Humanly Possible: Seven Hundred Years of Humanist Freethinking, Inquiry, and Hope by Sarah Bakewell

Penguin

Review by Walter Cummins

Sarah Bakewell begins Humanly Possible by delineating the characteristics of humanism and then goes on to describe how these ideas emerged and were developed through the writing and thinking of authors from Petrarch and Boccaccio through Erasmus and Hume to those of the Victorian age and the present. But in the final pages her purpose shifts to defending—almost pleading for—the values and goals of humanism when much of the current world is hostile to its tenets.

Humanism, according to Bakewell, always had its foes in the established power structure; most often, throughout history, they were embodied in religious authorities and more recently the central economic-political system. Writings had to be kept secret, often for decades, because they promoted ideas that those in control felt compelled to suppress as threats to their dominance.

From one perspective, humanism appears to have prevailed in much of the Western world. Individuals enjoy far greater freedom of expression, religious orthodoxies have waned, women possess rights beyond voting, sexual preference is far more open. Yet large areas of the world have never accepted humanist assumptions and have become more aggressive in combating them. Even parts of Europe and the United States have seen a populist backlash that targets humanist principles. The decline of the humanities in education reveals a growing indifference to humanist concerns. Bakewell is worried.

A self-identified humanist, Bakewell considers this the essential principle of the movement: “the individual is kept at the top of the list of concerns, not subordinated to some grander concept or ideal.” She denotes these concepts as fundamental: the focus on the here and now and our lives’ meaning found in bonds with each other. We should not live by the rules of a greater authority, sacred or secular. She holds E.M. Forster’s “only connect” as the focus of human existence. Humanists believe in free thinking, study and education, and hope for worthwhile accomplishments.

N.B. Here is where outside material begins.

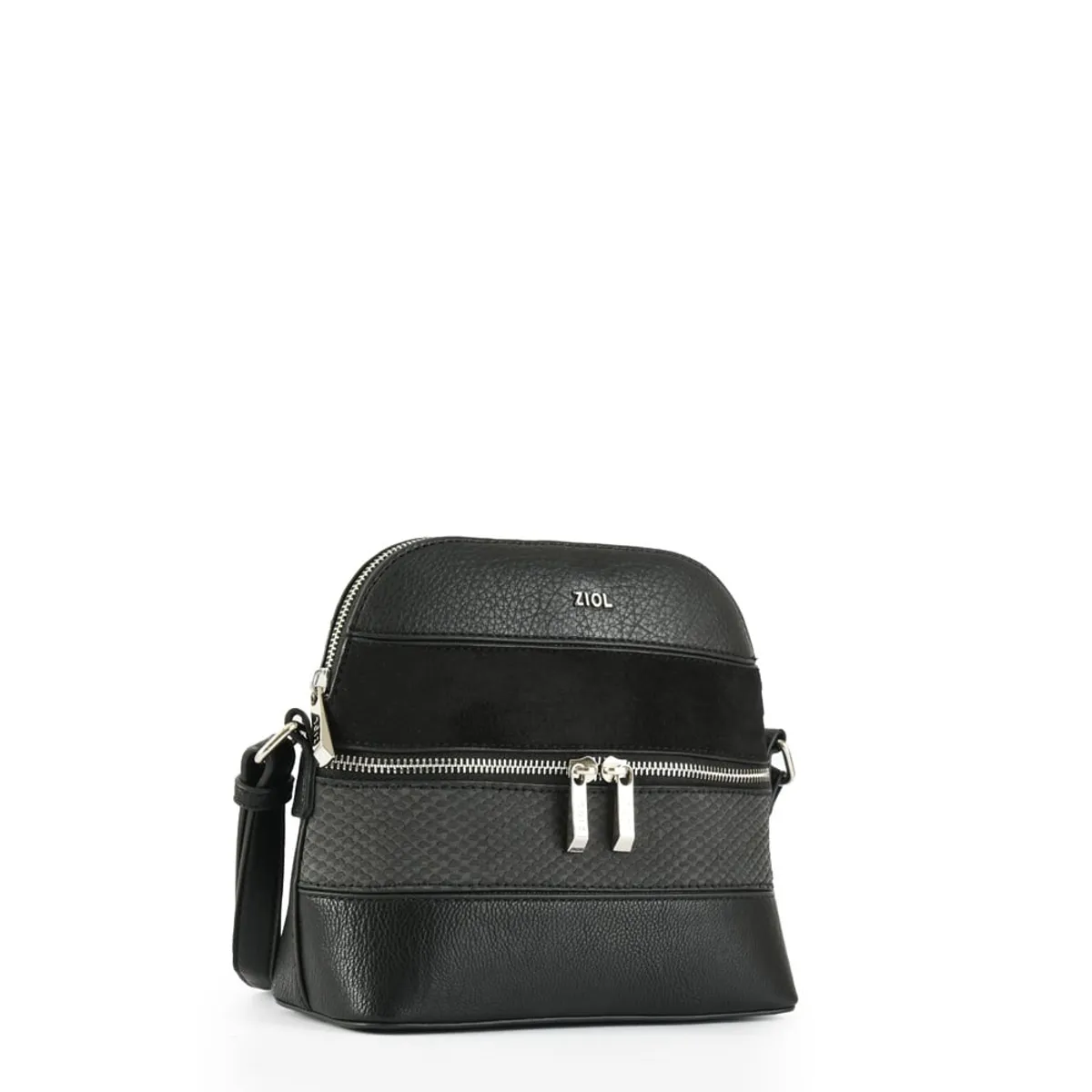 ZIOL - Cartera bandolera pequeña buty negro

To me these seem benign, not doctrinaire or domineering, with no set agenda, just offering latitude for people to pursue goals and interests in their quest for a better world. In one sense, humanism isn’t against anything other than oppression. Yet those protecting the established system consider the ability to inquire and express implicit dangers to the rules and ends underlying that system. An emphasis on the individual threatens some grand plan or goal. That fear serves as the basis of anti-humanism.

Humanists throughout the book’s seven hundred years were aware that they had to be careful, that there were boundaries they could not challenge. Some were imprisoned and even executed for their ideas. Others were aware of subjects they could not address publicly, as with manuscripts they kept secret and did not publish in their lifetimes. For example, David Hume at the last minute withdrew sections on suicide and the immorality of the soul from a new book. E.M. Forster withheld his homosexual novel, Maurice, from publication in his lifetime.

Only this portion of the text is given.